My dear wife, Jeanie, did not remember this true happening, but she enjoyed it this morning and highly recommends it:
Lasting Impression and Almost last One
Sam Kegley
I am 76 and the incident I am writing about is probably two years old. Jeanie and I are grandparents to three granddaughters and two step-grandsons (now nine to fourteen years of age). That we grandparents love them all is a fact of which we proudly enjoy and even boast.
We wish to quietly appreciate their enjoyments and accomplishments. We find many such occurrences in observing their young lives.
We joined daughter-in-law, Terri, and our granddaughters’s Tobey and Ida Scout (son Jay’s) at their pool on that day. It was a lovely summer day and the girls were running, sliding, splashing, and having an over all wonderful time in the water, on the diving boards, and on the giant slide.
Both girls have had many swimming and diving lessons in local pools, at Ohio
State University, and at Upper Arlington High School.
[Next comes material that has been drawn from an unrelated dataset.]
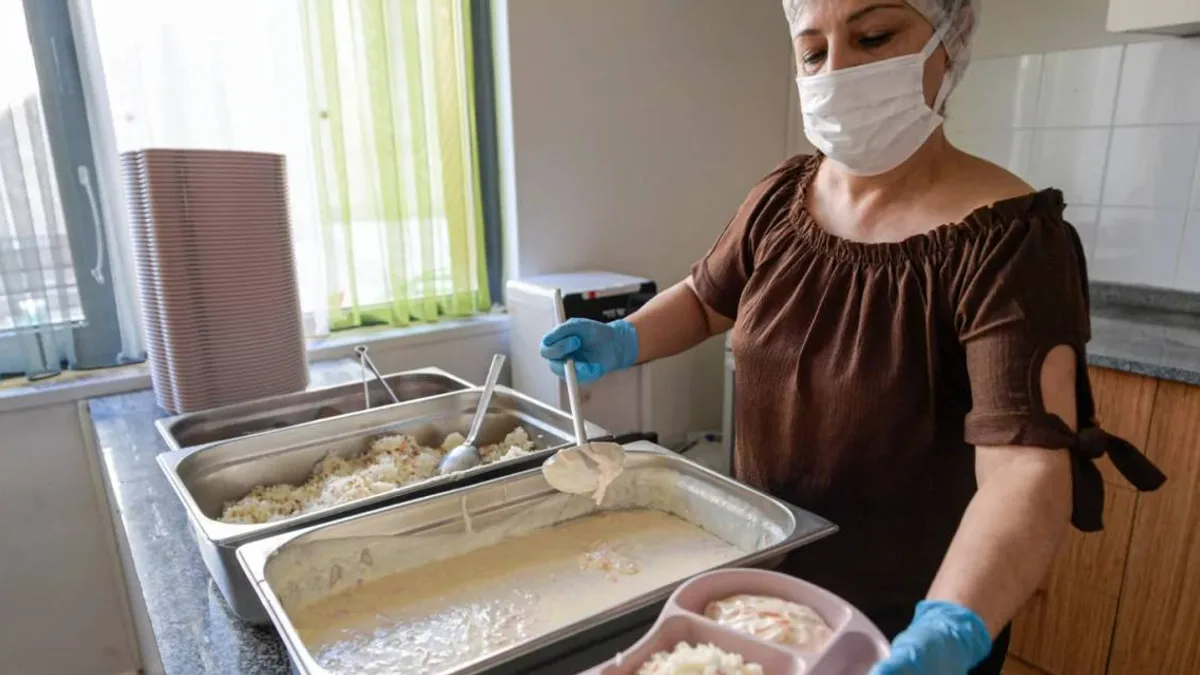 İzmir Büyükşehir Belediyesi'nin çocuklara yönelik sağlıklı beslenme hizmeti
While observing, Grandpa Sam harkens back to my younger days. My good friend in Dayton, Ronnie Walters, reminded me recently that he and I had swum across the Terrace Club pool there 159 times without stopping. The pool was approximately sixty feet across, as I remember. I was then thirteen and he was twelve. We each believed that we could swim across any ocean then.
We spent countless hours at the Terrace Club and swam and dived many of those hours in the tremendously appreciated Portsmouth pool. At any rate I believed that I was moderately good at swimming and diving, although my diving repertoire included only a jack-knife and a swan dive.
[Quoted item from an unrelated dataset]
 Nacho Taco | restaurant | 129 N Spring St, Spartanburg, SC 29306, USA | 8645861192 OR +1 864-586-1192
I would often remind the girls to keep their legs together and their toes pointed for smooth, splash-free entry into the water.
Both girls were already experienced in going off the spring boards and the ten foot high diving board. Maybe they were nearing, but not yet achieving the perfectly together limbs with pointed toes and splash-free entry. Tobey since has done so. Certainly I remembered that I had often done that.
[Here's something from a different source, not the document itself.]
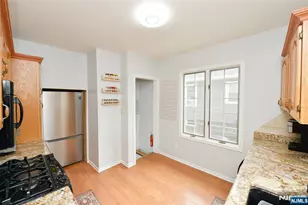 18 Minerva Ave, Hawthorne, NJ 07506 - Photo 9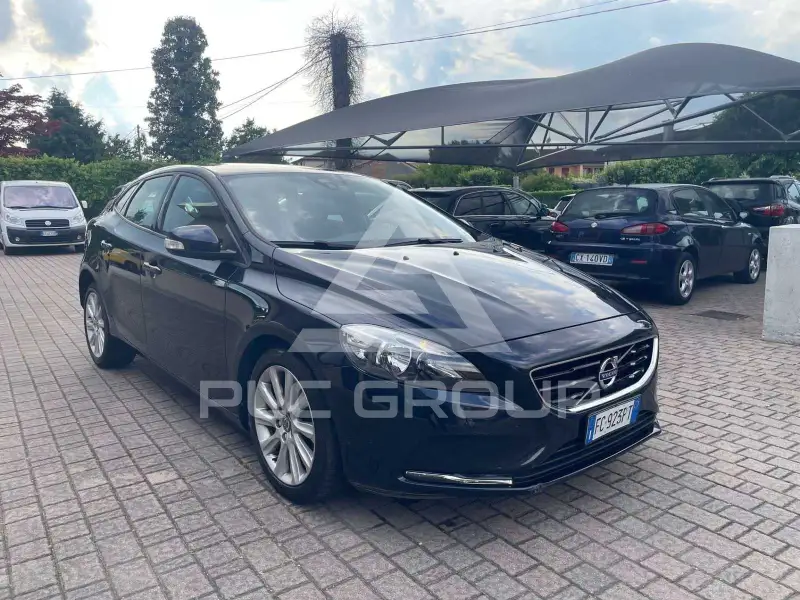 2016 Volvo V40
So, it becomes break time at the Hastings pool. Only adults are allowed into the water for the youngsters’ ten minute safety break.. The girls have gathered under an umbrella with mommy and grandma far across the pool, and I am up on the board, ready to enjoy another perfect dive, which I hadn’t done for a long while. I honestly tried to be inconspicuous, but wanted to get Tobey’s and Ida Scout’s attention. I yelled without being heard by them, but it probably drew the attention of many other than the two girls.
After a slight pause, in which many pool gatherers were wondering what that old fool was going to do up there, I wasn’t sure at all that my girls were watching, but here I go.
After one’s first dive from the high board, there is little to strike fear into the rookie diver. I was no rookie. I stood back on the board took a little run and jumped up for the spring to make myself soar up into the air, I would then tuck and touch my toes for a jack-knife, and finish by straightening out for the perfect entry.
It didn’t go quite that way for this demonstration.
I ran, jumped, and sprang upwards, but I neither soared, nor did I reach a grand apex, nor open out of the tuck for the smooth entry. My body opened quickly, the legs did not find each other and I don’t know how the toes pointed, but I entered more like the proverbial belly-smacker with a non-glorious splash. I thought that I would soon expire.
Ten foot times 250 pounds is 2500 foot- pounds of force.
I was only saved by the bell which permitted all younger swimmers to re-enter and enjoy the water. I slinked away and off into the crowd at the pool. Fortunately, my granddaughters didn’t see it, and I can still tell them toes pointed, legs together and smooth entry. I will never again attempt to demonstrate.
Grandpa’s words must be more illustrative than my actions anyway.